Senate Bill 1115 limits the amount of malpractice damages that can be awarded to victims, and it passed with a wide margin, namely a 108-2 vote in the state Senate.

Senate Bill 1118 decreases the time limit that a person or family has for suing on someone who is deceased, and also bars prejudgment interest on attorney fees and costs. It flew through the Senate in a 107-3 vote, according to Michigan Live Media Group.
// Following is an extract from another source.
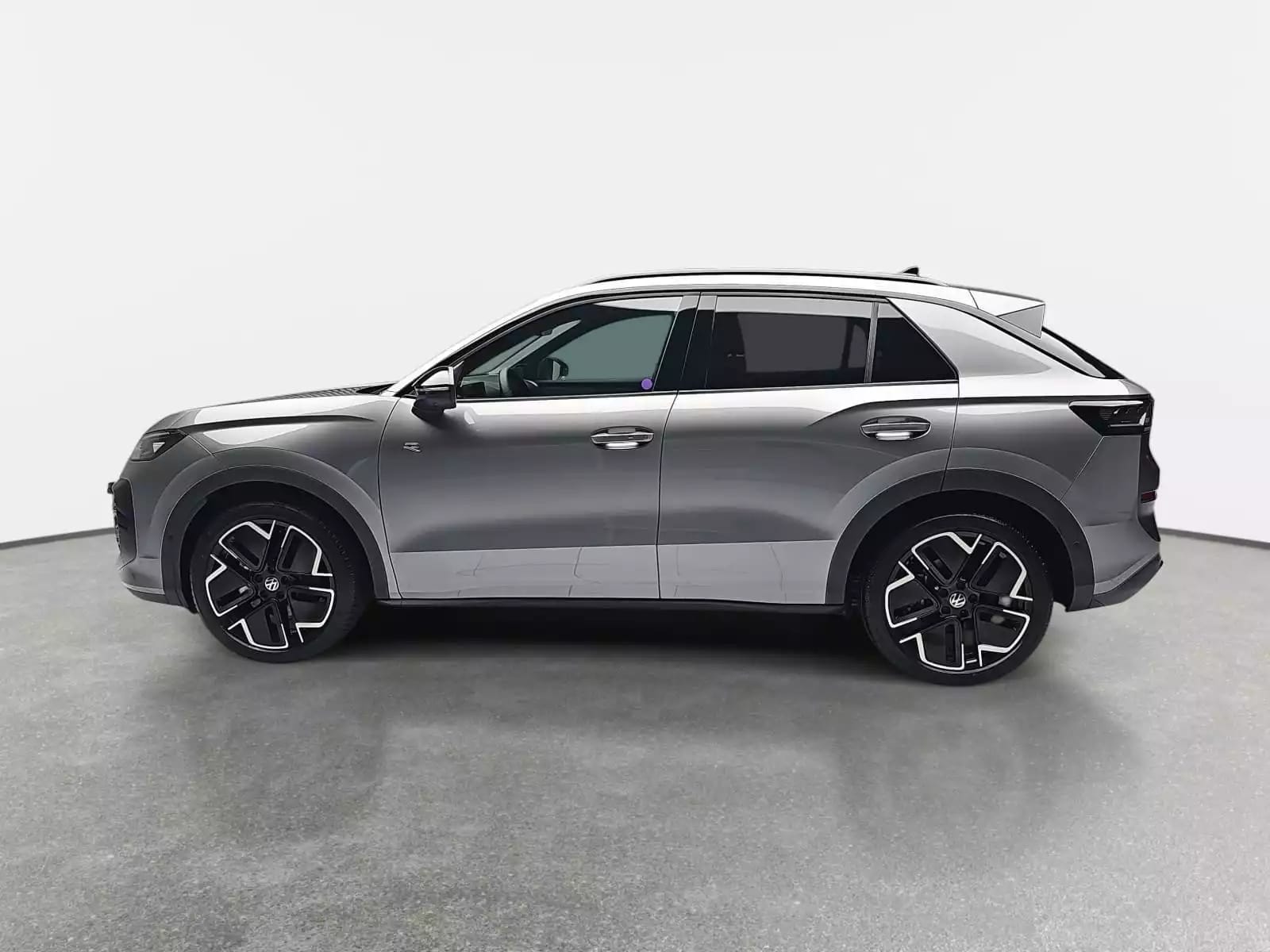 Volkswagen T-Roc 1.5 eTSi 150 DSG R-Line - Photo 1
Mag Mutual, a medical professional liability insurer, also issued a press release on the legislation, which benefits its industry.

The two anti-patient bills that passed were criticized by Marc Lipton, the Southfield attorney who is president of the Michigan Association for Justice, a trial lawyers group.

“I’m disappointed that the Legislature spent all this time on bills that were designed to protect insurance companies and ultimately would endanger patients,” Michigan Live Media Group quoted him as saying.

Exactly so.

There were actually four malpractice bills under consideration in Michigan, and only two of them made it to a vote. Of the bills that didn’t make it, one sought to expand the types of health care professionals that can be sued for medical malpractice. The Senate approved it but it never made it to a vote in the Senate.

The other bill, left hanging in committee, mandated that a medical facility and or health care professional couldn’t be sued for malpractice “if the doctor acted with reasonable and good-faith belief that the conduct was well-founded in medicine and the patient’s best interests,” Michigan Live Media Group reported.